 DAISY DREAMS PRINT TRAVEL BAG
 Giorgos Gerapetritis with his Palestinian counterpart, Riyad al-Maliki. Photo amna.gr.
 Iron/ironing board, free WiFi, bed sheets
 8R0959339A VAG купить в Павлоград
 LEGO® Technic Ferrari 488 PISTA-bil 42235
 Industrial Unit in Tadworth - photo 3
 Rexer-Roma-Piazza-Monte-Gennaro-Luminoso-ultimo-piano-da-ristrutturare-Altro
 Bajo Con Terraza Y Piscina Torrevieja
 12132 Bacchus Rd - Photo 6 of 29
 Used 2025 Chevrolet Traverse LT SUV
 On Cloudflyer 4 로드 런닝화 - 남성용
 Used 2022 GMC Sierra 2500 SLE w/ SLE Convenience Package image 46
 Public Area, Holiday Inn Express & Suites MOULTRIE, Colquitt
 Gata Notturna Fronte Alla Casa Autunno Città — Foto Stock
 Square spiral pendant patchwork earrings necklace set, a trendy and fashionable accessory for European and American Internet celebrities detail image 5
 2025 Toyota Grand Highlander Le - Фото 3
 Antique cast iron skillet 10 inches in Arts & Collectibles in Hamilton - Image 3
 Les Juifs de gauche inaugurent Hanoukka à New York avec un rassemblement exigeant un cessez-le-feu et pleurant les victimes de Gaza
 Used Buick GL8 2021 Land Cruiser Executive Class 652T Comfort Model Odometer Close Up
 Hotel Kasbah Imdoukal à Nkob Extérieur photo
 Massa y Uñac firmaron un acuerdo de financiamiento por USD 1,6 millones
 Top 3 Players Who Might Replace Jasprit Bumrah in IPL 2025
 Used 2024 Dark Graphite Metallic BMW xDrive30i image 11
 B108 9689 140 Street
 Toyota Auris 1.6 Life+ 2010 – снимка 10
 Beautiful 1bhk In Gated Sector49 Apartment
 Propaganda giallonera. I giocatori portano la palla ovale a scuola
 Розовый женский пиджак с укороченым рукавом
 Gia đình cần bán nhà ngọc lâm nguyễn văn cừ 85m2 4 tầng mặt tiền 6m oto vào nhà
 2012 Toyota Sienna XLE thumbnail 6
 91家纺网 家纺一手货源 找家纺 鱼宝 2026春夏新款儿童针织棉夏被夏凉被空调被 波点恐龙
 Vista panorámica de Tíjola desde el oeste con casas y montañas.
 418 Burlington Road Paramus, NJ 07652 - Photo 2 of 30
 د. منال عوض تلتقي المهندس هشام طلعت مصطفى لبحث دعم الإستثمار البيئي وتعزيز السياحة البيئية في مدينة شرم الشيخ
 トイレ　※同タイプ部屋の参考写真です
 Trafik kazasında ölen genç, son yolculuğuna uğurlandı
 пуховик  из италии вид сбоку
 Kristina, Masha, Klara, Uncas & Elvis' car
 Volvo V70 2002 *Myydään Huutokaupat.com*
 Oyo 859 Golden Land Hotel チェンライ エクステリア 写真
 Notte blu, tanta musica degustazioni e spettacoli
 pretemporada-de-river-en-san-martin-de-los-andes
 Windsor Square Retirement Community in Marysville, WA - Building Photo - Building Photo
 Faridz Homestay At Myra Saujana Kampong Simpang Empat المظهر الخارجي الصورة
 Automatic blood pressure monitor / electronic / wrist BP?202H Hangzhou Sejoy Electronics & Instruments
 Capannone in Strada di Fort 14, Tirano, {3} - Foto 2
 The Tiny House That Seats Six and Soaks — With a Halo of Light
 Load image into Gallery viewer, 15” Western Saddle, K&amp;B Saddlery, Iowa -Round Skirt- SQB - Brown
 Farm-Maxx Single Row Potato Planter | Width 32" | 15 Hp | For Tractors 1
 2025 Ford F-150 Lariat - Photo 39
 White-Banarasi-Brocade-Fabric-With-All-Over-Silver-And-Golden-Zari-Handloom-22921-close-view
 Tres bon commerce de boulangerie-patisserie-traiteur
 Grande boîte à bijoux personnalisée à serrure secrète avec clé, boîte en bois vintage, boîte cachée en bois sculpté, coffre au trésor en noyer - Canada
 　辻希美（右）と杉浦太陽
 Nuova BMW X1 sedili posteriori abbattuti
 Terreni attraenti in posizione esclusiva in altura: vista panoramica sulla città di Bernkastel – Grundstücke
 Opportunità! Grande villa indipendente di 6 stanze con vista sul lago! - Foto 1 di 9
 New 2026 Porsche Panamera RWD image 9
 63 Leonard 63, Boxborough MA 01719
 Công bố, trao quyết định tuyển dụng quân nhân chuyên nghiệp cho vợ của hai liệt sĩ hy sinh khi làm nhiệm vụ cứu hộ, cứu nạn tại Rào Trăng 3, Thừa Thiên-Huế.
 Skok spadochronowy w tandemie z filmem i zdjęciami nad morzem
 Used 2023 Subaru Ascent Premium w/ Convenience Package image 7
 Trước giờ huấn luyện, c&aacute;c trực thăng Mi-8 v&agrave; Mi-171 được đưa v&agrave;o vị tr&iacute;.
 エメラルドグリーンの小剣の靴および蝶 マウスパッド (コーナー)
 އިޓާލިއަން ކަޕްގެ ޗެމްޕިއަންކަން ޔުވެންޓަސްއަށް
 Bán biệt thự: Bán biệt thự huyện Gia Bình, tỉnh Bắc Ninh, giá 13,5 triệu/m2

::::::

• _PROBLEM DESCRIPTION_
Every line that holds the word "Convenience" should be copied from the records above.

• _REPLY TO THE TASK_
 Used 2022 GMC Sierra 2500 SLE w/ SLE Convenience Package image 46
 Used 2023 Subaru Ascent Premium w/ Convenience Package image 7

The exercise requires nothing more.